Сражаясь за свою Родину, он думал, что если доберется до Одера, то все на своем пути будет крушить и уничтожать — пусть немцы на [149] себе почувствуют горе и страдания осажденных ленинградцев, миллионов советских людей. Он жаждал отплатить за убитых, замученных, погибших от голода. И вот он здесь, на немецкой земле, его армия бьет фашистов, а ему внушают: не надо мстить за убитых, за блокаду Ленинграда, за голодных, за умерших жену и детей. Одно дело — фашисты, и другое — немецкий народ. Вот так... Он уходит.

* * *

Когда-то я запомнила несколько русских слов. Правда, мой словарный запас слишком беден, но сейчас и он неоценим. С теплыми чувствами вспоминаю двух русских женщин, которые вместе со мной находились в концлагере Рьёкро-на-Лозере, в Южной Франции, и где мы, заключенные, организовали своеобразные курсы. Одна из них, русская эмигрантка, арестованная как член группы «Друзья Советского Союза во Франции», предложила мне давать ей уроки английского. Взамен я предложила ей давать мне уроки русского. Когда ее перевели в другой лагерь, я продолжала взаимные уроки с пожилой красивой женщиной, которую называла под впечатлением от книг Толстого русской княгиней.

* * *

Завтра мы с Герми пойдем дальше, без попутчиков — не хотим, чтобы нас повернули на запад. Французы и поляки советуют остерегаться засад немецких фашистов, разрозненные части которых все еще стремятся сдержать наступление. Мы можем наткнуться на мины. [150]

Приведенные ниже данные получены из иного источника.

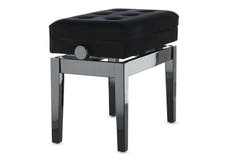 GEWA Klavierbank Deluxe Fach - Black hochglanz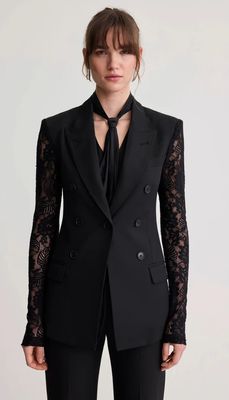 Smythe Not   a DB Blazer Lace Sleeve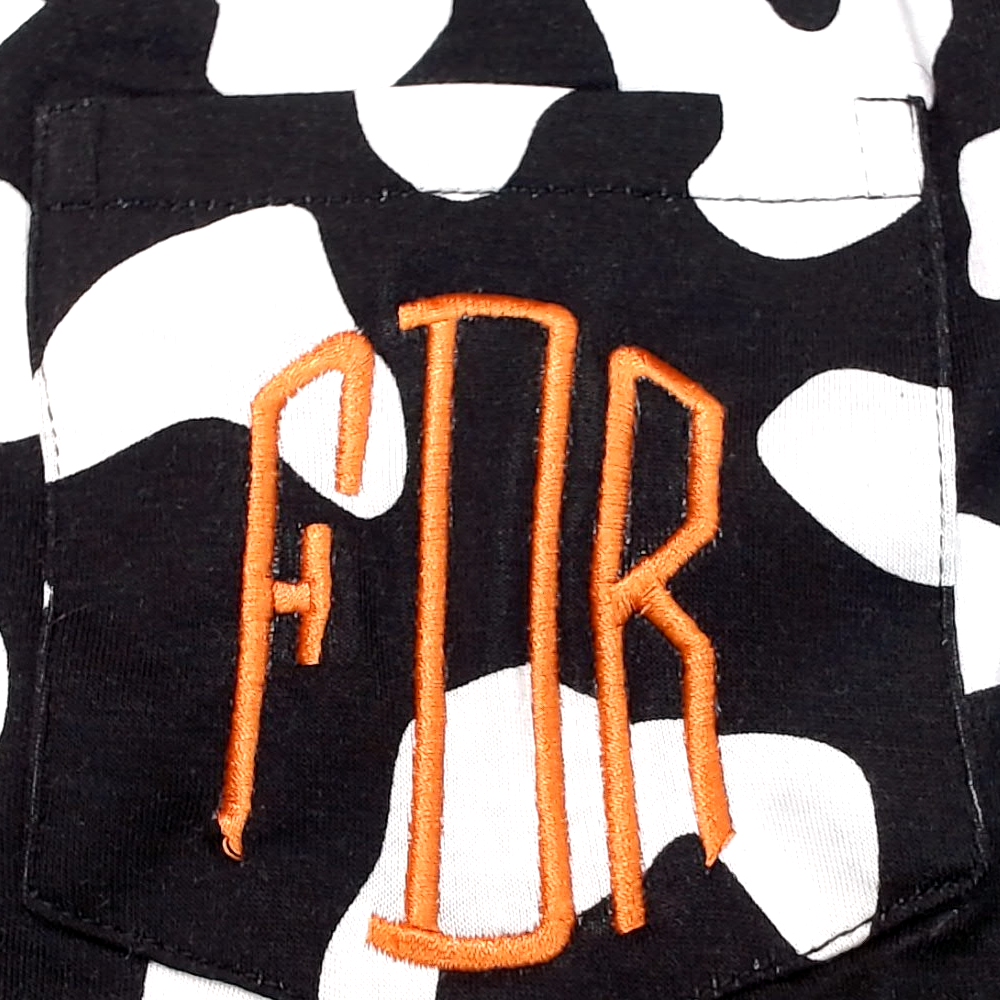 BLOOPER CLOTHING: Monogrammed Midi Dress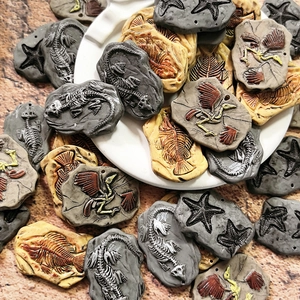 Simulation Dinosaurier Fossil Anhänger Harz Fischgräte Archaeopteryx Formen DIY Schmuckherstellung Zubehör Kreative Schlüsselanhänger Charms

Как бы ни предостерегали нас, мы все же пойдем дальше, домой, в Австрию. Объясняю, что я пережила ад Освенцима, поэтому пеший путь домой, каким бы тяжелым он ни был, меня не пугает. На прощание нас угощают.

Мы продолжали путь, однако вскоре пришлось вернуться — оторвалась подошва моей обувки. Помог польский товарищ, кое-как прикрепив ее. Потом он забежал в дом и вернулся с парой здоровенных ботинок — меньших не нашел. К сожалению, мы вовремя не подумали о том, что в имении можно было найти маленькую ручную тележку.